Les partisans de la pétition voient les choses différemment. "Grâce au président Trump, la Memphis Safe Task Force a accompli davantage pour cette ville en un an que quiconque ne l'aurait cru possible", a déclaré Mme Ballinger, l'une des figures de proue de la pétition, dans un communiqué. "Alors que les agents fédéraux, étatiques et locaux risquent leur vie pour retirer les criminels de nos rues, le procureur Mulroy se bat devant les tribunaux pour cacher comment son bureau sape ce groupe de travail."
La sénatrice américaine Marsha Blackburn, républicaine du Tennessee, et le sénateur d'État du Tennessee Brent Taylor avaient auparavant demandé des explications à M. Mulroy après que son bureau a rapporté que 430 des 514 affaires de félonie résolues en décembre 2025 s'étaient soldées sans peine de prison et que 166 d'entre elles étaient classées comme violentes. Les élus ont estimé que ces chiffres laissaient sans réponse la question de savoir combien de défendeurs dans des affaires violentes n'avaient écopé d'aucune peine de prison.
M. Mulroy a accusé ses détracteurs républicains de déformer les données sur la criminalité à des fins politiques. Mme Ballinger a rejeté l'allégation selon laquelle la pétition ne serait qu'une campagne partisane contre un procureur démocrate.
"Nous avons des enfants. Nous avons des gens ordinaires qui ne s'intéressent peut-être même pas à la politique", a-t-elle déclaré. "Nous méritons la paix. Que ce soit sur la côte Est, la côte Ouest ou dans le Sud, nous méritons tous la paix."

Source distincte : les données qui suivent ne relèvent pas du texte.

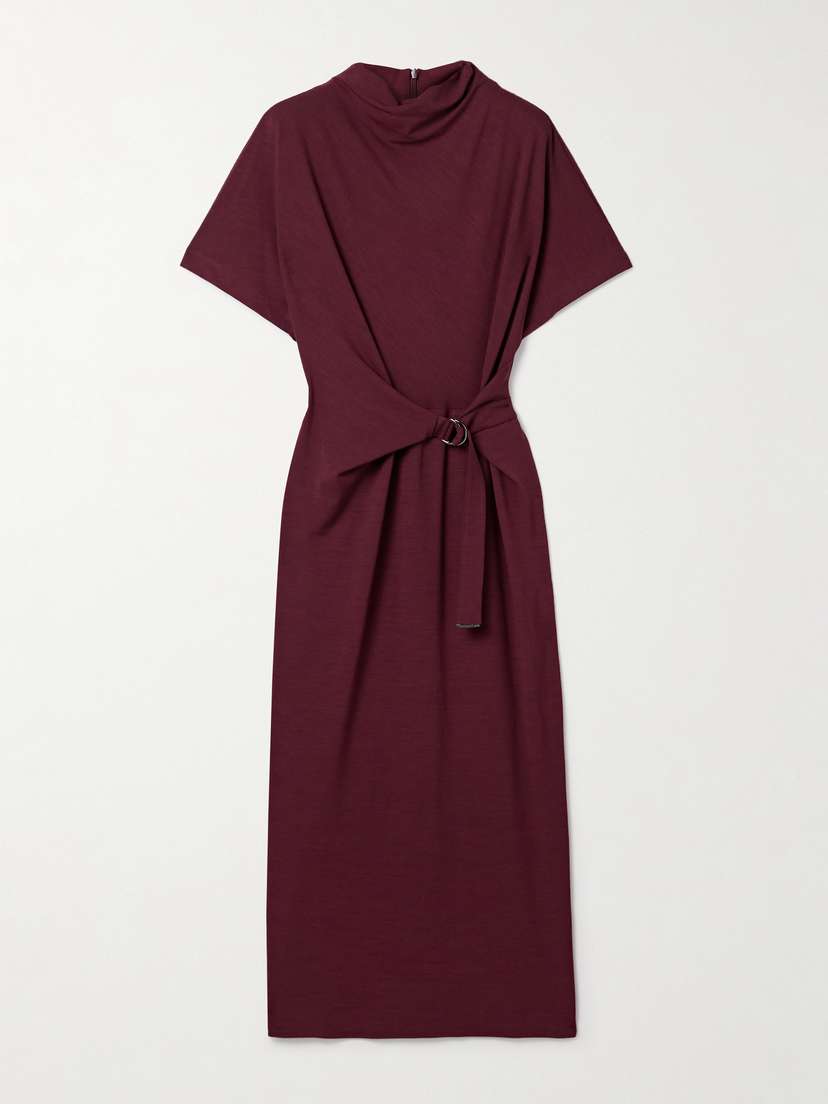 Brunello Cucinelli Belted Draped Jersey Midi Dress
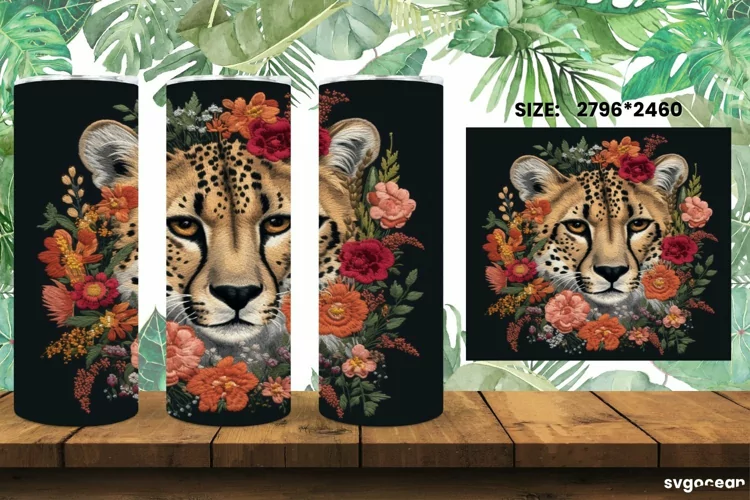 Embroidery Cheetah Tumbler Wrap |Skinny 20 oz| Sublimation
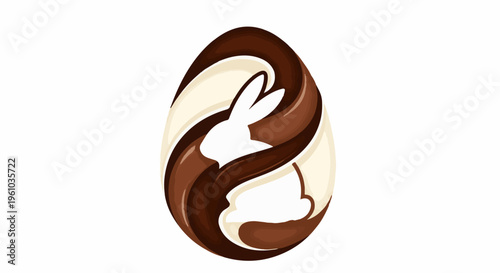 Easter egg with swirling chocolate and a white bunny silhouette inside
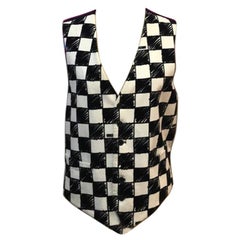 Moschino Black White Check Velvet Vest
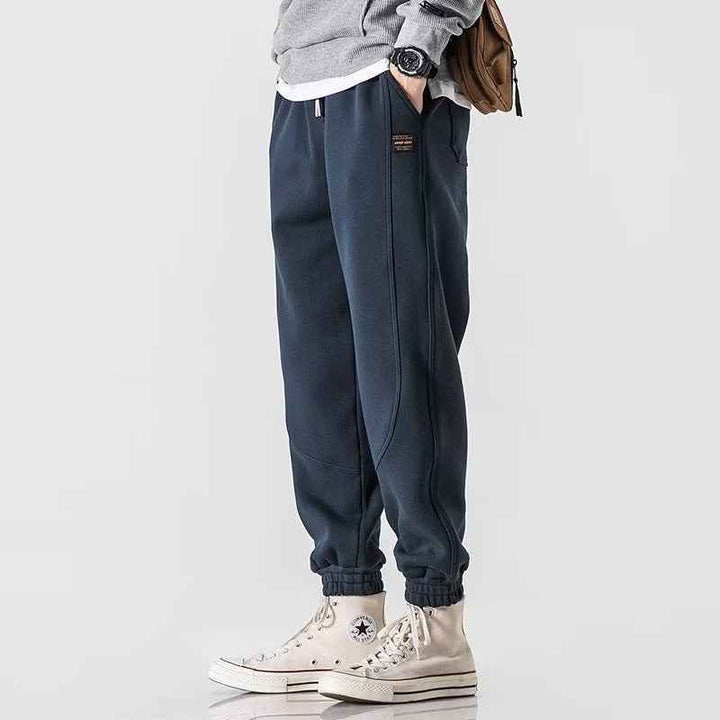 Men's Relaxed Fit Jogging Pants – Tapered Legs – Cotton – Drawstring Waist – Ribbed Cuffs Blue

Le groupe de travail a également suscité une vive opposition. L'ACLU du Tennessee et plusieurs résidents de Memphis ont accusé les agents de méthodes policières agressives et de représailles contre les personnes filmant les forces de l'ordre. Quatre résidents ont intenté un recours fédéral cette année alléguant du harcèlement, des arrestations illégales et des mauvais traitements physiques dans l'exercice de leurs droits garantis par le Premier amendement.

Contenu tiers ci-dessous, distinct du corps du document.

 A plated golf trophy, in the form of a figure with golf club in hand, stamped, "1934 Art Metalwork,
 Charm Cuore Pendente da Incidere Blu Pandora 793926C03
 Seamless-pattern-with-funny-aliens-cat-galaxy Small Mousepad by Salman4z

Ces allégations n'ont pas été prouvées devant les tribunaux, tandis que les partisans du groupe de travail soulignent les milliers d'arrestations et la chute brutale de la criminalité comme preuves de l'efficacité de l'opération.
Mme Ballinger a affirmé que les plaintes légitimes devaient être examinées, mais qu'elle ne pensait pas qu'elles justifiaient le démantèlement d'une opération qu'elle crédite d'avoir rendu son quartier de nouveau habitable.

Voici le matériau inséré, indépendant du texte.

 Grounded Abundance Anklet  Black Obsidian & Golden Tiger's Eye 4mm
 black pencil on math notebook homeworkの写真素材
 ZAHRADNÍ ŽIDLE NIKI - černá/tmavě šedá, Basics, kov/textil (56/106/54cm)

"Je suis totalement pour l'équité et je suis totalement pour la loi et l'ordre", a-t-elle déclaré. "Si nous devons retourner à la table des négociations et restructurer pour que les gens puissent se sentir en sécurité, nous pouvons définitivement mettre cela sur la table."
Pour Mme Ballinger, l'anniversaire se mesure moins aux statistiques gouvernementales qu'à ce qu'elle peut voir et entendre au-delà de sa porte d'entrée.
"C'était suffisamment perceptible pour que l'on se dise : 'Waouh, il y a vraiment des enfants qui jouent dehors'", a-t-elle conclu.